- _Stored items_
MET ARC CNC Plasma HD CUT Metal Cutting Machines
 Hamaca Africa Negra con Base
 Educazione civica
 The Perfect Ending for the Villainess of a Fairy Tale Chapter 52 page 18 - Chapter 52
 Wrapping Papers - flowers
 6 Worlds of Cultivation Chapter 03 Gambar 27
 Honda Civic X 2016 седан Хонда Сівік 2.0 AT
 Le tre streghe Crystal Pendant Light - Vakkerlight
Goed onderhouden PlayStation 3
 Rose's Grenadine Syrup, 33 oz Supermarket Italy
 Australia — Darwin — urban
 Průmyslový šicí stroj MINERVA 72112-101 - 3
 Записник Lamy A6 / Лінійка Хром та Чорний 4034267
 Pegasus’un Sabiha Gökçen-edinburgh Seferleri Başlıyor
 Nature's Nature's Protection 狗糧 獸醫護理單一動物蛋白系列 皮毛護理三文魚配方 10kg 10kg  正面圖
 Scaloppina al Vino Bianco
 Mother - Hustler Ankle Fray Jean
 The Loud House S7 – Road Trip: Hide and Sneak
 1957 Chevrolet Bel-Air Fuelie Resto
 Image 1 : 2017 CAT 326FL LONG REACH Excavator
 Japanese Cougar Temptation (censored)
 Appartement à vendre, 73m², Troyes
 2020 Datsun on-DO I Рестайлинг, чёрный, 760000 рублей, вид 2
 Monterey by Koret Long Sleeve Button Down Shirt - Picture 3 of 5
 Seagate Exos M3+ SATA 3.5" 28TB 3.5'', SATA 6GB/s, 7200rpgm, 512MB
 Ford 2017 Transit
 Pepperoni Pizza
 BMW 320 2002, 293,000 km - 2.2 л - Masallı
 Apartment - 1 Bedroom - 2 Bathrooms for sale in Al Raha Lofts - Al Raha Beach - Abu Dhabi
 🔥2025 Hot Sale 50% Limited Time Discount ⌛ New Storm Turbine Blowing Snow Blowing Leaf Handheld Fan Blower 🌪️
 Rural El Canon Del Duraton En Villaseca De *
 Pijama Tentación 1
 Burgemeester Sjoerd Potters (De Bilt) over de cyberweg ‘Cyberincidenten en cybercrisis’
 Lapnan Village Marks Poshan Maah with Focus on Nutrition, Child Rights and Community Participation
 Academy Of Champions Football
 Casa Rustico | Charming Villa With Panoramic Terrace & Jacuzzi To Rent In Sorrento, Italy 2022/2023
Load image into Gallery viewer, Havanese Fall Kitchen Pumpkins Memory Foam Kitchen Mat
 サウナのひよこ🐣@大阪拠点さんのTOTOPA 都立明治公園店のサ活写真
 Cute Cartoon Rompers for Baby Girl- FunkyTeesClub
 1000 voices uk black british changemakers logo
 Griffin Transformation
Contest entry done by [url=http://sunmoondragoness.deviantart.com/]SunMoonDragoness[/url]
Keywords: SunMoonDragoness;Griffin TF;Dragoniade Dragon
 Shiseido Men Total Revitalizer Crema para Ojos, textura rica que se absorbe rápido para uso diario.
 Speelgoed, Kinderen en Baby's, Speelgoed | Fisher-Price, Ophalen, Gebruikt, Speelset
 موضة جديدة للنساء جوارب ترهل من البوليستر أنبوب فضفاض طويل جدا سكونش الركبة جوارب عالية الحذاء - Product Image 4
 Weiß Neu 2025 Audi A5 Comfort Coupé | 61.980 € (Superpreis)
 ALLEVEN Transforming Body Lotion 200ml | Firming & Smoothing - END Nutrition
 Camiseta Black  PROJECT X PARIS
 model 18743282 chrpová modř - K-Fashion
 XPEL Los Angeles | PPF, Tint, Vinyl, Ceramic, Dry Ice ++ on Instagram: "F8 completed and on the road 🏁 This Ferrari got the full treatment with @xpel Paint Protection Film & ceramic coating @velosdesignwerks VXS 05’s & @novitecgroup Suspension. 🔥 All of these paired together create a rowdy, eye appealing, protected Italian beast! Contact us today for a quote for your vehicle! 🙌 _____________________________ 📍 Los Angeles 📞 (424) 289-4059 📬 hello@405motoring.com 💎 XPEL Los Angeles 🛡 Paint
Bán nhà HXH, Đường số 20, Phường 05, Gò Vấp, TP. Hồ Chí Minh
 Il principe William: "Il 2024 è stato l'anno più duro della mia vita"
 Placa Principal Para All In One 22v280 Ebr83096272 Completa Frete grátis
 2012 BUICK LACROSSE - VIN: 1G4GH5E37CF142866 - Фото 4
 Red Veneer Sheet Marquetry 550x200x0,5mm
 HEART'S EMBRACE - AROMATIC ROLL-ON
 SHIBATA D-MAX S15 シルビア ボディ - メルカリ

- _YOUR TASK_
Once you find the line with "PROJECT X PARIS" above, print it and every line after it up to and including the line with "XPEL Los Angeles |", exactly as written and nothing else.

- _SOLUTION TO THE PROBLEM_
 Camiseta Black  PROJECT X PARIS
 model 18743282 chrpová modř - K-Fashion
 XPEL Los Angeles | PPF, Tint, Vinyl, Ceramic, Dry Ice ++ on Instagram: "F8 completed and on the road 🏁 This Ferrari got the full treatment with @xpel Paint Protection Film & ceramic coating @velosdesignwerks VXS 05’s & @novitecgroup Suspension. 🔥 All of these paired together create a rowdy, eye appealing, protected Italian beast! Contact us today for a quote for your vehicle! 🙌 _____________________________ 📍 Los Angeles 📞 (424) 289-4059 📬 hello@405motoring.com 💎 XPEL Los Angeles 🛡 Paint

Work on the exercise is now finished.